After some further research I decided to create my own books to meet the growing demand for inclusive resources. I didn’t want them to be available just to tick a box on the curriculum / guidance for diversity, I wanted them to really help to break down barriers, be educational and fun!



I decided on the familiar theme of ‘days out’ because my daughter, Harriet, who was 4 at the time loved going for days out. I planned to include lots of relevant educational content; colours, shapes, weather, transport, time, animals, family and friendship. I took a lot of time creating each character to make sure they were as inclusive as possible. Considering all aspects of their physical appearance; hair colour, skin colour, individual needs and their family. I wanted all children to think the book was for them.

‘Hattie and friends’ was born in 2005 with the 1st title, ‘A Day at the Zoo’, on sale from January 2006. 3 more titles followed in the next 3 years.

As an independent publisher it’s difficult to reach people but with limited advertising, mainly on social media, over 8,00 books have been sold to; Nurseries, Childminders, Primary Schools, Libraries and others.

It feels great to know ‘Hattie and friends’ is helping these settings to be inclusive. I also love to visit primary schools, when I can, to talk to Years 1 and 2 about being an author.

How Inclusive is your Bookshelf?

Disability is part of everyday life and I believe children, from a young age, should see characters with disabilities in their story books.

Inclusion means accepting everyone and the differences we have, therefore the character’s disability should be entirely incidental, in my opinion. I didn’t want my characters to be ‘special’, have magic powers or appear different.

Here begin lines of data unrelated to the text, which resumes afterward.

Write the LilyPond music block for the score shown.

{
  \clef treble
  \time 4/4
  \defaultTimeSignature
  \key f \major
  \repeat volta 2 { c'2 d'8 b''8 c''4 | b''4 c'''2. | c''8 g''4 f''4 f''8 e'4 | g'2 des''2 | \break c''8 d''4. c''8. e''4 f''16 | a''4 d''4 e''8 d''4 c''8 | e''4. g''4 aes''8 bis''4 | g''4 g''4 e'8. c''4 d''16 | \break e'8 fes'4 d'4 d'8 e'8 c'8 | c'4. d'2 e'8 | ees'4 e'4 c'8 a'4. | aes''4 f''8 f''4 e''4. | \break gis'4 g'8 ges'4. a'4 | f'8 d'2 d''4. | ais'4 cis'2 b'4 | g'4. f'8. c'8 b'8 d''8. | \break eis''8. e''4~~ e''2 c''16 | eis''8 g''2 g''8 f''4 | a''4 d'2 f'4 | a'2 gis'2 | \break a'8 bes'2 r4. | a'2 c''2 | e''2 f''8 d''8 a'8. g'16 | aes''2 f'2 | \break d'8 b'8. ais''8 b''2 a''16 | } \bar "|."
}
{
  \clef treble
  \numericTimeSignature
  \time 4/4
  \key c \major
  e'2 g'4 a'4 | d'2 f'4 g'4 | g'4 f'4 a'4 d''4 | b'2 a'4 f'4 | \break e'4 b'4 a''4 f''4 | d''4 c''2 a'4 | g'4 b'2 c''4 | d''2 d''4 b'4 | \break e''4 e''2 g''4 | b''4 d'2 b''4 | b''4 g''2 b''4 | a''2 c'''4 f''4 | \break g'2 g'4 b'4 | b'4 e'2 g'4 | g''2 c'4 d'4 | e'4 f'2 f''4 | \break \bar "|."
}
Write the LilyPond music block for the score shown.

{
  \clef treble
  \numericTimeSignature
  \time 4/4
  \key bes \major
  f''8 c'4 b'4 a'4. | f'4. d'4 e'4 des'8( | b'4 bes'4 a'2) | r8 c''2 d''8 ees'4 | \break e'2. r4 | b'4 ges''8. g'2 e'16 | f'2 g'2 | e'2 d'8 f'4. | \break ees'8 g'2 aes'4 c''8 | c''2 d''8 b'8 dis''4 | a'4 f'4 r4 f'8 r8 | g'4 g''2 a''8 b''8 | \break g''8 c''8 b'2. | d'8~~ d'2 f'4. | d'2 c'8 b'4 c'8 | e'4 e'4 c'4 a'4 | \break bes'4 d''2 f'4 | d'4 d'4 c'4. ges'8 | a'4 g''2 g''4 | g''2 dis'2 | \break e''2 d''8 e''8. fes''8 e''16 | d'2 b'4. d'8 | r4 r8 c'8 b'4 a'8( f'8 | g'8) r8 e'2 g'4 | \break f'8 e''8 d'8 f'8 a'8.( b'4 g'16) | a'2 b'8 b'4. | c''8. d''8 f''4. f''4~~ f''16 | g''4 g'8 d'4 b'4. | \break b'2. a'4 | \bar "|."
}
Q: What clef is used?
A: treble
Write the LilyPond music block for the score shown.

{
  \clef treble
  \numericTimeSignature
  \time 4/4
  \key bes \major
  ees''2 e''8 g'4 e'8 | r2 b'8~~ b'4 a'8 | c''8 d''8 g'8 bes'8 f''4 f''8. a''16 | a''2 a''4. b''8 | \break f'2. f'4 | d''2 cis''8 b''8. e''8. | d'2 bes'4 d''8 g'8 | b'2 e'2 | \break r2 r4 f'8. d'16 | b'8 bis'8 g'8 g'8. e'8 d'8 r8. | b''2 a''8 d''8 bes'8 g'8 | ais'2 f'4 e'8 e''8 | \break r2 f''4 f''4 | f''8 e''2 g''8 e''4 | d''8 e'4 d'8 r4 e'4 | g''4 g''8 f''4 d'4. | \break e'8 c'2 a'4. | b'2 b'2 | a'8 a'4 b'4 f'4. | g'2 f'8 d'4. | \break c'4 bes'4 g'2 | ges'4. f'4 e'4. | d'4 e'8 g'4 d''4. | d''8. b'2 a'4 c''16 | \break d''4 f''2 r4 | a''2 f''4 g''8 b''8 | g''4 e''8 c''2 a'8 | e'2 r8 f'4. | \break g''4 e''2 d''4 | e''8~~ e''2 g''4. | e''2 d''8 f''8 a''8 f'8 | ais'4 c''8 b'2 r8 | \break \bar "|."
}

If young children see positive images of disability and receive a consistent message of tolerance and acceptance I believe this would have many benefits to society. Unfortunately people with disabilities face daily struggles with disrespectful attitudes towards them. We can improve these attitudes, which have been developed over many years, by addressing how we present disability to our children.

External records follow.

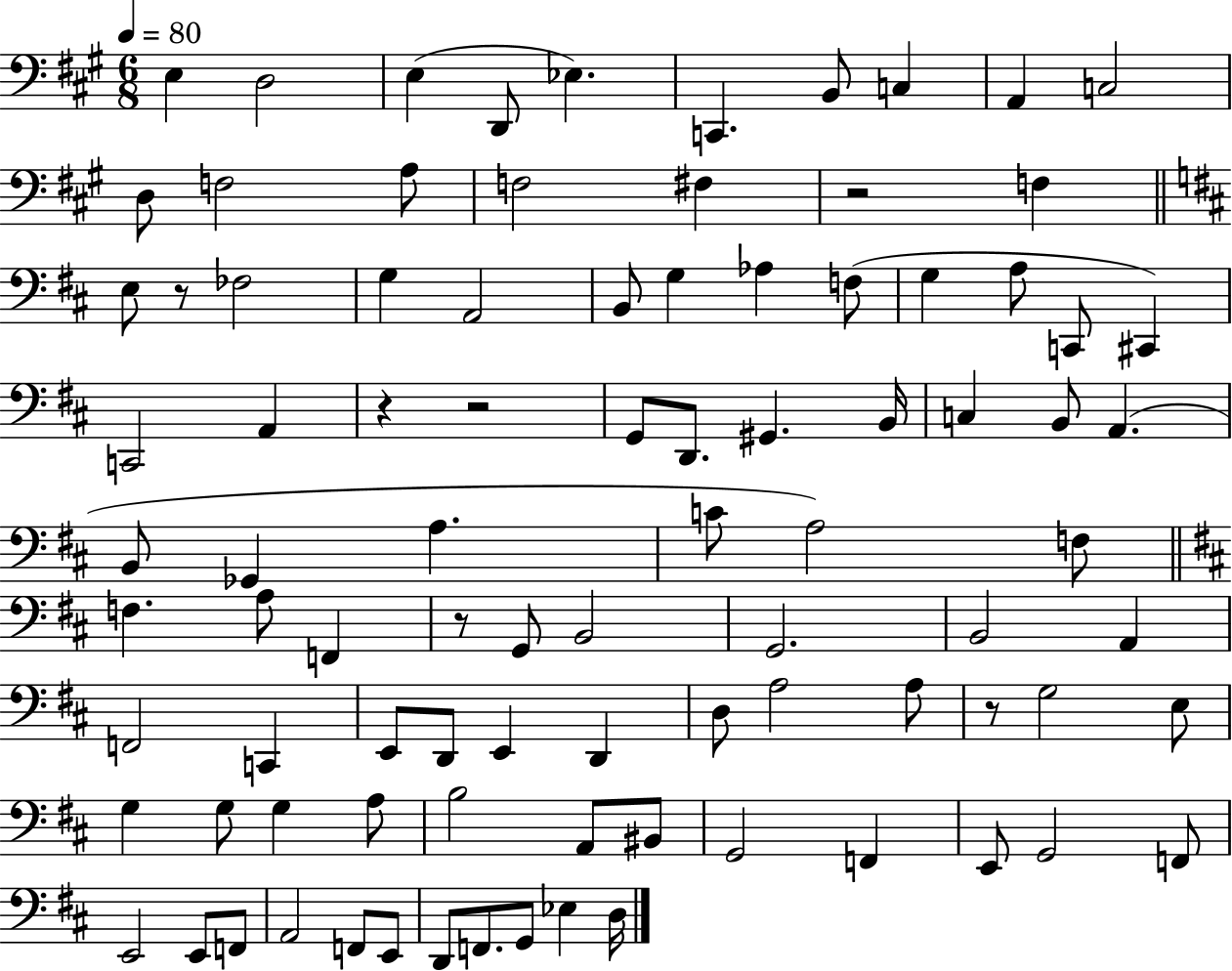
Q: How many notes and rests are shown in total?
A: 91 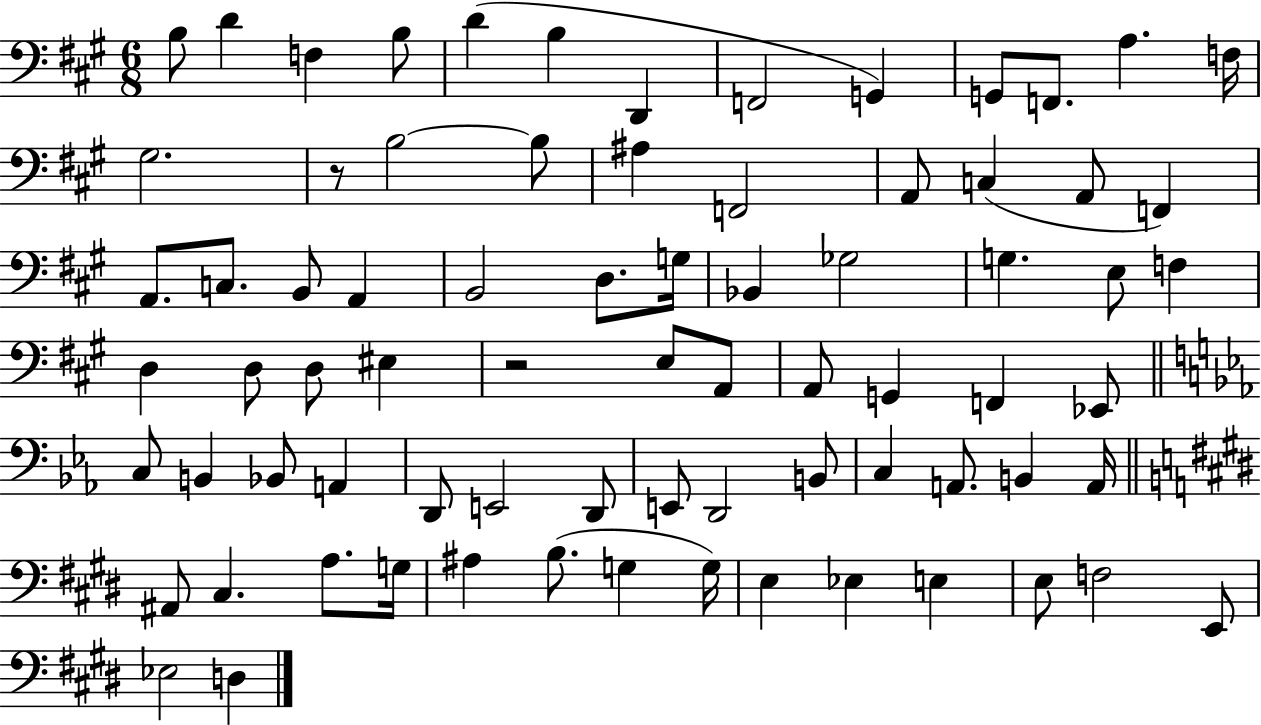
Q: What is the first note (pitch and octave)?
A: B3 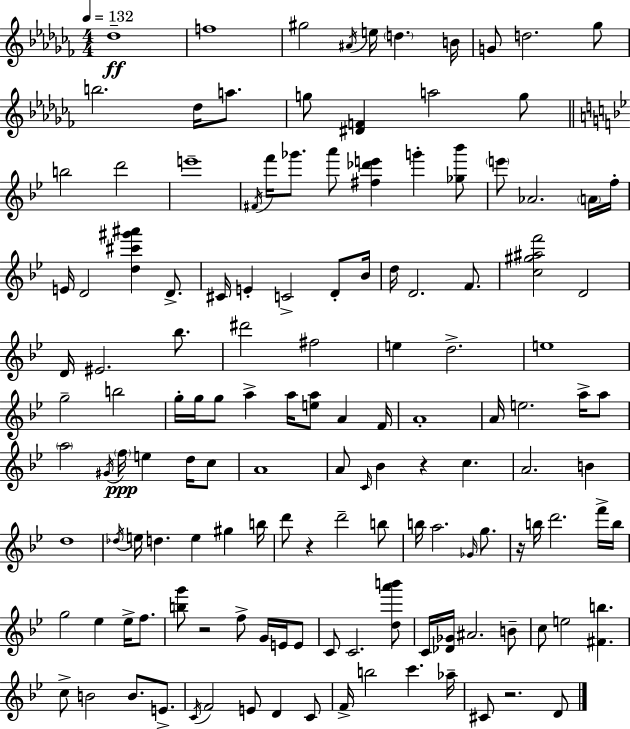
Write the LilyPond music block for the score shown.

{
  \clef treble
  \numericTimeSignature
  \time 4/4
  \key aes \minor
  \tempo 4 = 132
  \repeat volta 2 { des''1--\ff | f''1 | gis''2 \acciaccatura { ais'16 } e''16 \parenthesize d''4. | b'16 g'8 d''2. ges''8 | \break b''2. des''16 a''8. | g''8 <dis' f'>4 a''2 g''8 | \bar "||" \break \key g \minor b''2 d'''2 | e'''1-- | \acciaccatura { fis'16 } f'''16 ges'''8. a'''8 <fis'' des''' e'''>4 g'''4-. <ges'' bes'''>8 | \parenthesize e'''8 aes'2. \parenthesize a'16 | \break f''16-. e'16 d'2 <d'' cis''' gis''' ais'''>4 d'8.-> | cis'16 e'4-. c'2-> d'8-. | bes'16 d''16 d'2. f'8. | <c'' gis'' ais'' f'''>2 d'2 | \break d'16 eis'2. bes''8. | dis'''2 fis''2 | e''4 d''2.-> | e''1 | \break g''2-- b''2 | g''16-. g''16 g''8 a''4-> a''16 <e'' a''>8 a'4 | f'16 a'1-. | a'16 e''2. a''16-> a''8 | \break \parenthesize a''2 \acciaccatura { gis'16 }\ppp \parenthesize f''16 e''4 d''16 | c''8 a'1 | a'8 \grace { c'16 } bes'4 r4 c''4. | a'2. b'4 | \break d''1 | \acciaccatura { des''16 } e''16 d''4. e''4 gis''4 | b''16 d'''8 r4 d'''2-- | b''8 b''16 a''2. | \break \grace { ges'16 } g''8. r16 b''16 d'''2. | f'''16-> b''16 g''2 ees''4 | ees''16-> f''8. <b'' g'''>8 r2 f''8-> | g'16 e'16 e'8 c'8 c'2. | \break <d'' a''' b'''>8 c'16 <des' ges'>16 ais'2. | b'8-- c''8 e''2 <fis' b''>4. | c''8-> b'2 b'8. | e'8.-> \acciaccatura { c'16 } f'2 e'8 | \break d'4 c'8 f'16-> b''2 c'''4. | aes''16-- cis'8 r2. | d'8 } \bar "|."
}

I regularly visit primary schools to talk about my books and I don’t mention the disability aspect, intentionally, until the end. When I ask the children if they can see anything different about my characters they often can’t see any differences which is exactly the point!

The important message is that all children can be friends and have fun, abilities are not important. All young children accept differences, their curiosity will raise questions and they develop attitudes from the answers they receive.

We must show, through our attitudes and actions, that we value all children equally.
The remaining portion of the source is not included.